Mammogram Basics

A mammogram is a low-dose x-ray that allows doctors called radiologists to look for changes in breast tissue.

Why do I need mammograms?

Mammograms can be used to look for breast cancer, either as a screening test in women without symptoms or in women who have symptoms that might be from cancer. A mammogram can often find or detect breast cancer early, when it’s small and even before a lump can be felt. This is when it’s likely to be easiest to treat.

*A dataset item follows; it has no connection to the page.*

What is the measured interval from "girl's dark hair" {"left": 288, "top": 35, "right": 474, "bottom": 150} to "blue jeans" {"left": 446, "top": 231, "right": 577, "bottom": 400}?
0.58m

What are the main uses of mammograms?

Screening mammograms

A screening mammogram is used to look for signs of breast cancer in women who don’t have any breast symptoms or problems. X-ray pictures of each breast are taken, typically from 2 different angles.

Diagnostic mammograms

Mammograms are used to look at a woman’s breast if she has breast symptoms or if something unusual is seen on a screening mammogram. When used in this way, they are called diagnostic mammograms. They may include extra views (images) of the breast that aren’t part of screening mammograms. Sometimes diagnostic mammograms are used to screen women who were treated for breast cancer in the past.

What do mammograms show?

Mammograms can often show abnormal areas in the breast. They can’t tell for sure if an abnormal area is cancer, but they can help health care providers decide if more testing (such as a breast biopsy) is needed. The main types of breast changes found with a mammogram are:

  • Calcifications
  • Masses
  • Asymmetries
  • Distortions

Learn more about these and other breast changes in What Does the Doctor Look for on a Mammogram?

How do mammograms work?

Mammograms are done with a machine designed to look only at breast tissue. The machine takes x-rays at lower doses than the x-rays done to look at other parts of the body, like the lungs or bones. The mammogram machine has 2 plates that compress or flatten the breast to spread the tissue apart. This gives a better quality picture and allows less radiation to be used.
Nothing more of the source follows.